======== Supplied data ========

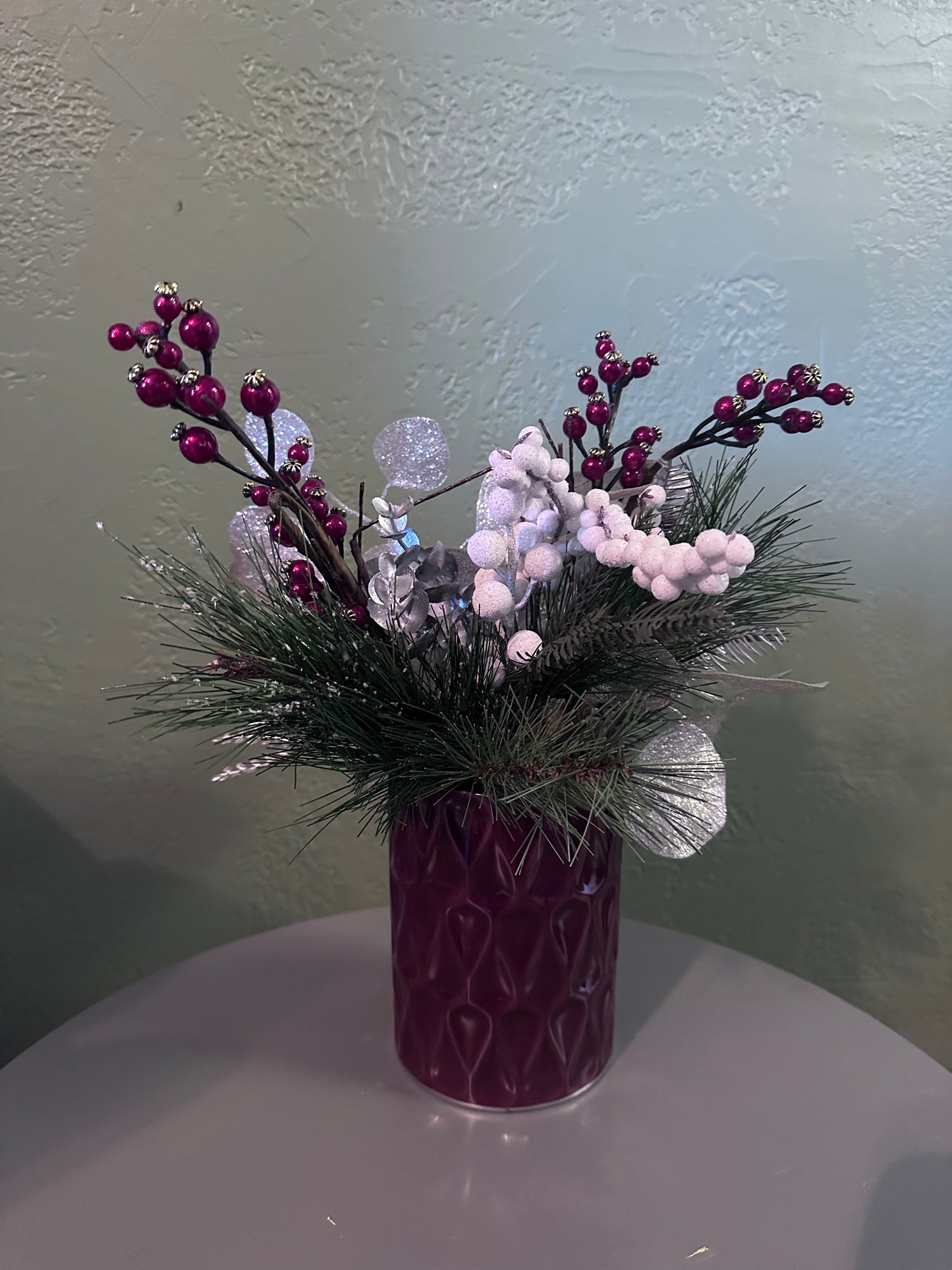 Floral - Silver & Maroon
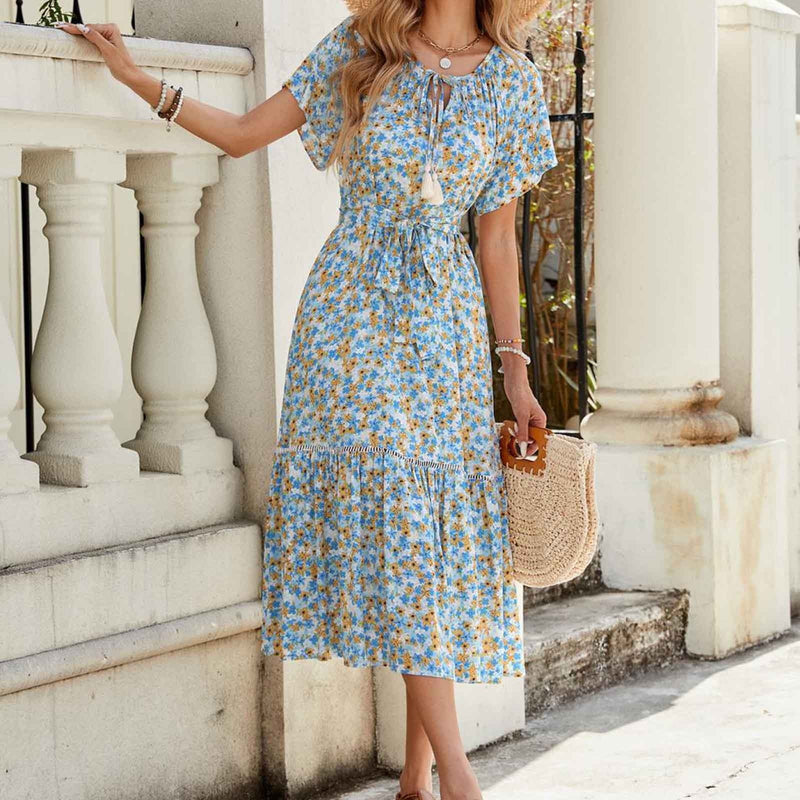 ZQUUVOU Women's Summer Boho Dress Printing Floral Wrist Tie Short Sleeve Maix Dress Blue,XL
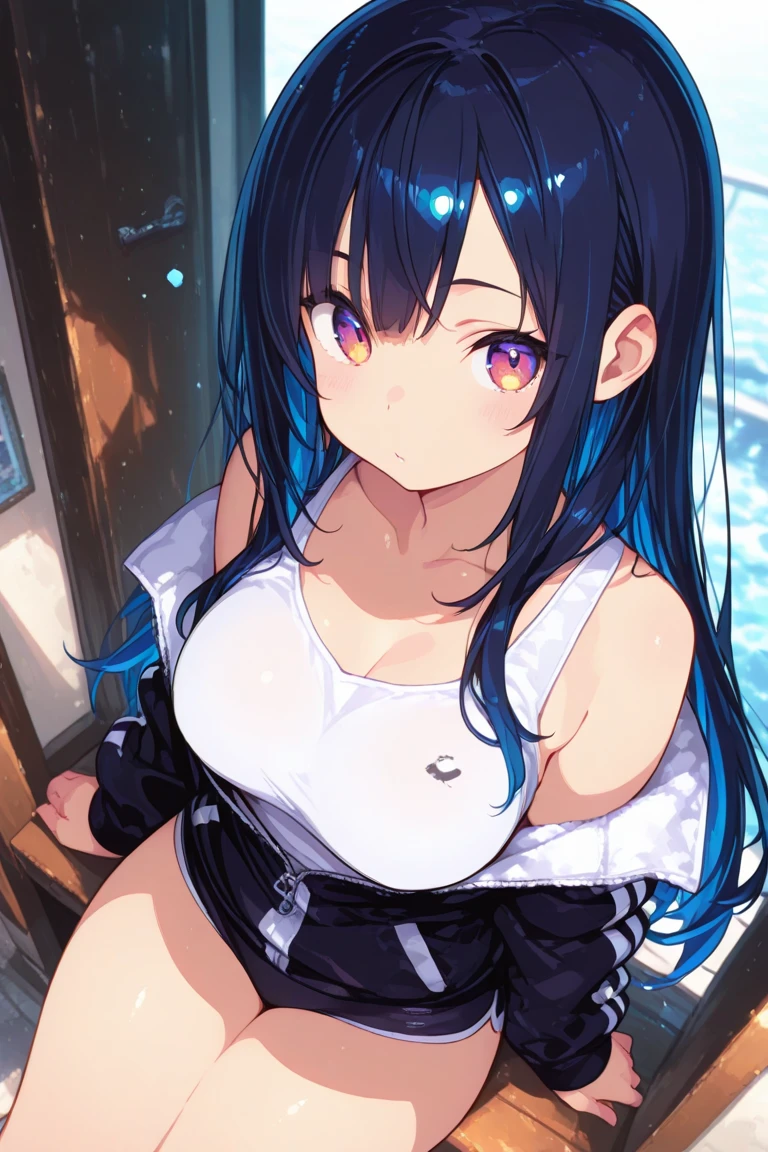 1girl, 18 year old female, Belle, Zenless Zone Zero, anime style, ultra realistic, high detail, sexy pose, sexy, beautiful, exposed skin, slender, skinny, exposed breast, large breast, nipples, exposed nipples, nude, nudity, absurdres, high res, ultrasharp, 8K, UHD, retina, masterpiece, accurate, anatomically correct, perfect anatomy, textured skin, super detail, high details, high quality, award winning, best quality, high res, looking at viewer, detailed eyes, four fingers and one thumb per hand, perfect hands, perfect finger, two arms only, no clothes, revealing, blue hair, green eyes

========

» **Exercise details**:
Transcribe exactly the line that contains "ZQUUVOU Women's Summer" and each line after it through the end of the listing. Leave out the pictures.

» **Solution to the exercise**:
 ZQUUVOU Women's Summer Boho Dress Printing Floral Wrist Tie Short Sleeve Maix Dress Blue,XL
 1girl, 18 year old female, Belle, Zenless Zone Zero, anime style, ultra realistic, high detail, sexy pose, sexy, beautiful, exposed skin, slender, skinny, exposed breast, large breast, nipples, exposed nipples, nude, nudity, absurdres, high res, ultrasharp, 8K, UHD, retina, masterpiece, accurate, anatomically correct, perfect anatomy, textured skin, super detail, high details, high quality, award winning, best quality, high res, looking at viewer, detailed eyes, four fingers and one thumb per hand, perfect hands, perfect finger, two arms only, no clothes, revealing, blue hair, green eyes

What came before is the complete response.